#### [YOUR TASK]
Could you please transcribe the data exactly, without the pictures?

#### [SUPPLIED ENTRIES]
##########

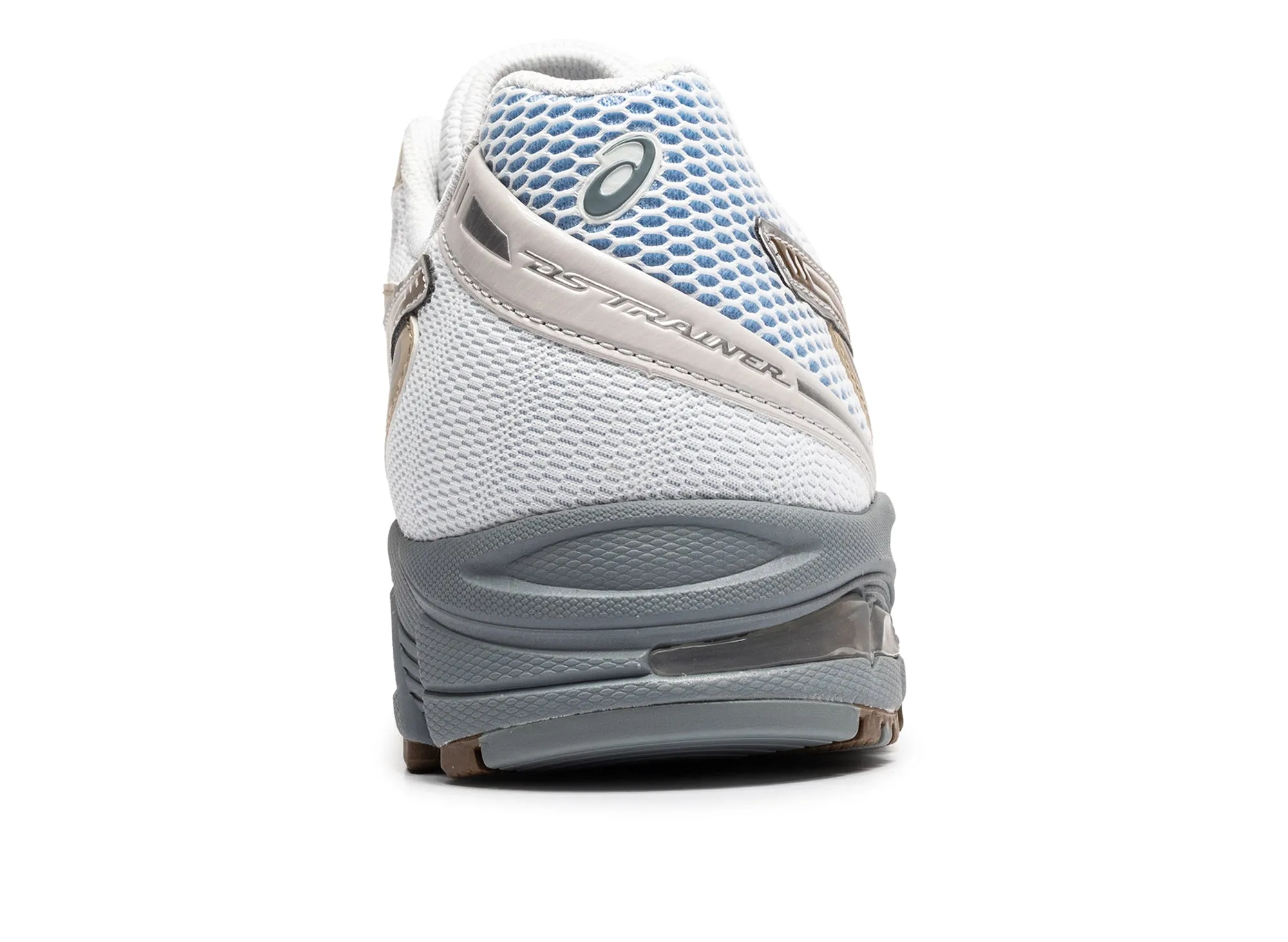 Asics Gel-DS Trainer 14 'Airy Blue / Clay Canyon' Waterproof Daily Walk Comfort collar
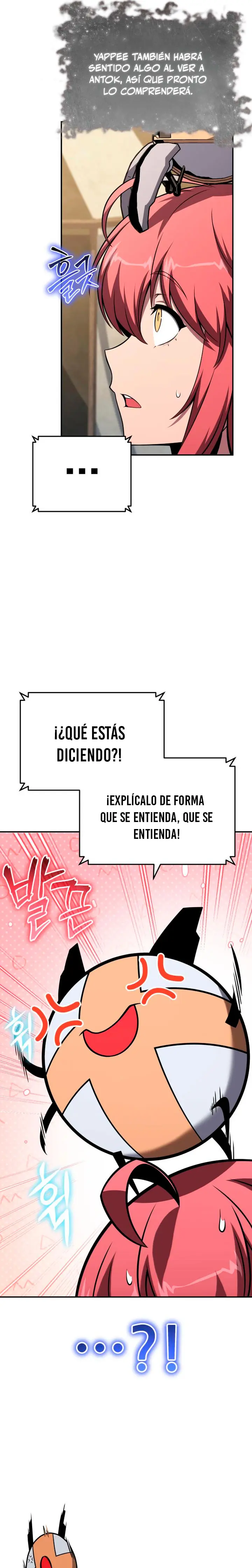 El Rey y su Dios capítulo 158, página 9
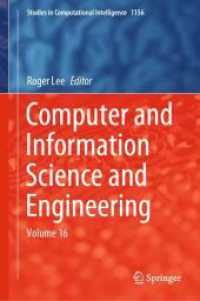 Computer and Information Science and Engineering : Volume 16 (Studies in Computational Intelligence)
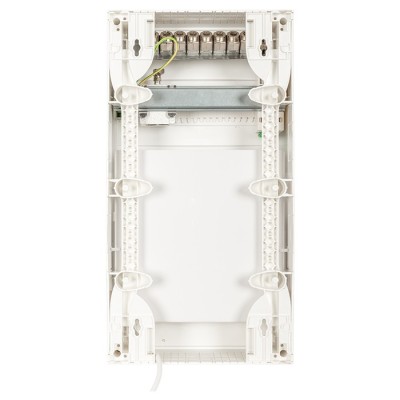 Omelcom - Coffret Start@Home L Connect - Grade 3TV - 8 RJ45 - Switch POE - Réf : GO068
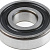 Подшипник 6305-2RS1 25*62*17 Skf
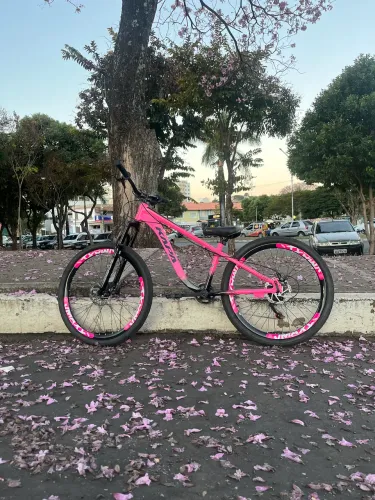 Bicicleta kapa aro 26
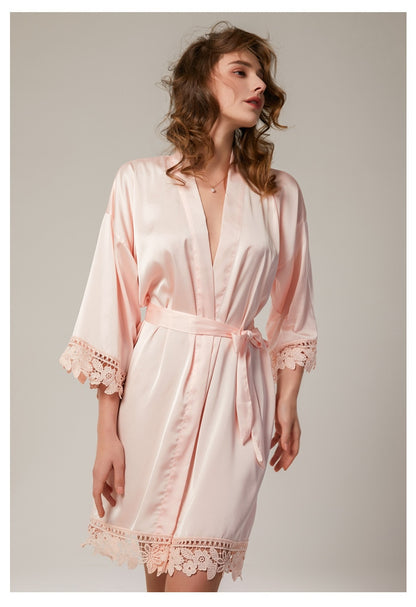Bridesmaid Robes Bridal Party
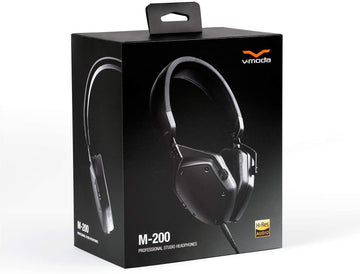 V-Moda M-200 packaging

##########

#### [SOLUTION TO THIS TASK]
 Asics Gel-DS Trainer 14 'Airy Blue / Clay Canyon' Waterproof Daily Walk Comfort collar
 El Rey y su Dios capítulo 158, página 9
 Computer and Information Science and Engineering : Volume 16 (Studies in Computational Intelligence)
 Omelcom - Coffret Start@Home L Connect - Grade 3TV - 8 RJ45 - Switch POE - Réf : GO068
 Подшипник 6305-2RS1 25*62*17 Skf
 Bicicleta kapa aro 26
Bridesmaid Robes Bridal Party
 V-Moda M-200 packaging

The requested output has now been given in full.